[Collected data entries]
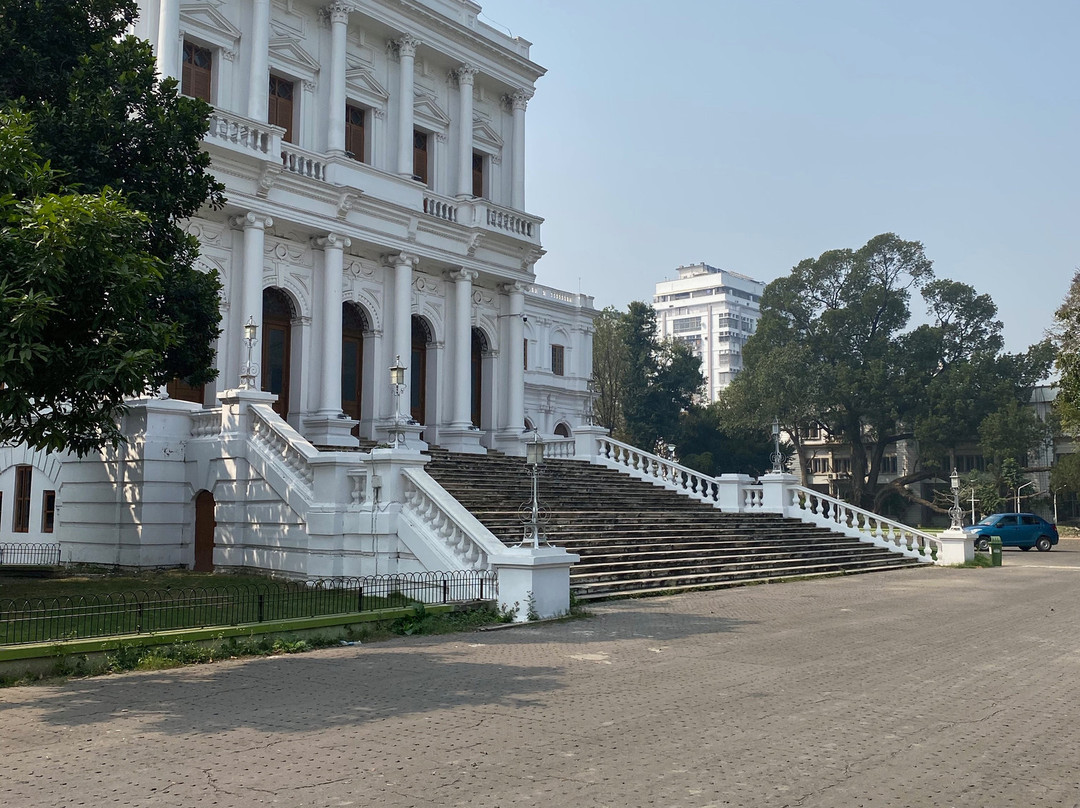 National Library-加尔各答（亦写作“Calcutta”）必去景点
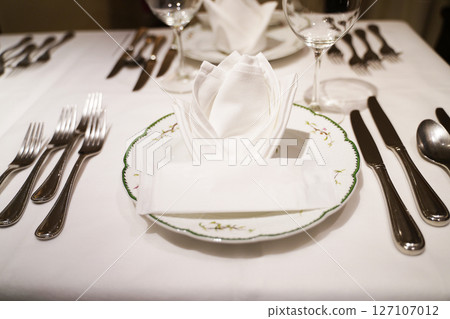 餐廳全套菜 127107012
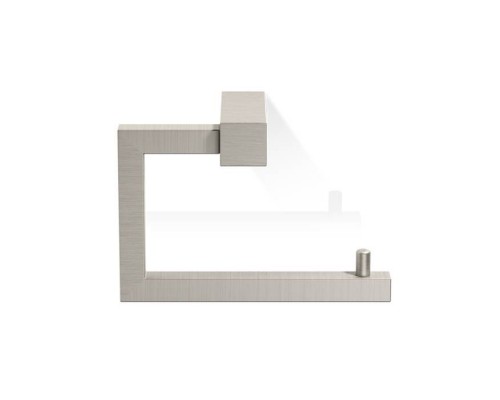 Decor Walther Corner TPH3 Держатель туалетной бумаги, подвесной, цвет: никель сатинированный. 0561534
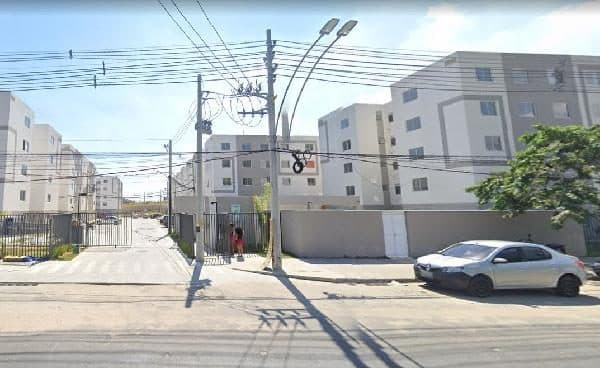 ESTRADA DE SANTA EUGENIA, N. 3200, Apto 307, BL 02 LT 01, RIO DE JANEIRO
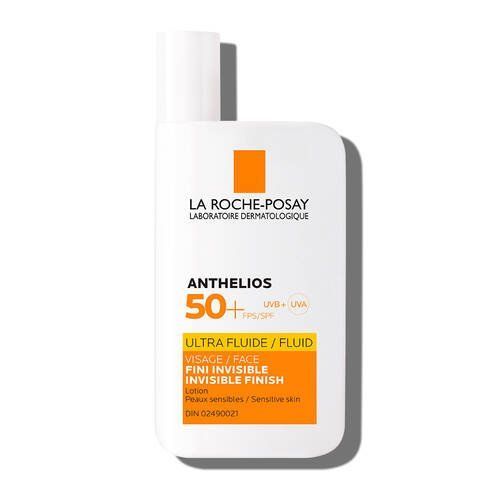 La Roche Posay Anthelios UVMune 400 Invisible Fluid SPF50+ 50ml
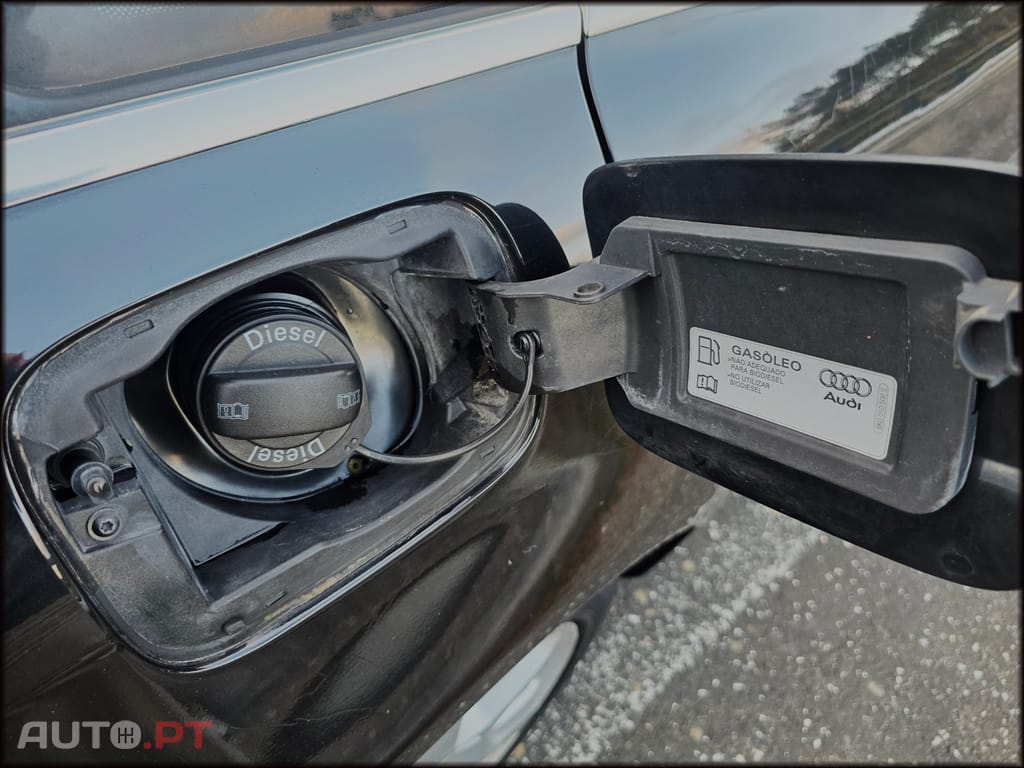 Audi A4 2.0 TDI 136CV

- _Required action_: Exact copy, no pictures: please print every record above as written.

- _Output below_:
 National Library-加尔各答（亦写作“Calcutta”）必去景点
 餐廳全套菜 127107012
 Decor Walther Corner TPH3 Держатель туалетной бумаги, подвесной, цвет: никель сатинированный. 0561534
 ESTRADA DE SANTA EUGENIA, N. 3200, Apto 307, BL 02 LT 01, RIO DE JANEIRO
 La Roche Posay Anthelios UVMune 400 Invisible Fluid SPF50+ 50ml
 Audi A4 2.0 TDI 136CV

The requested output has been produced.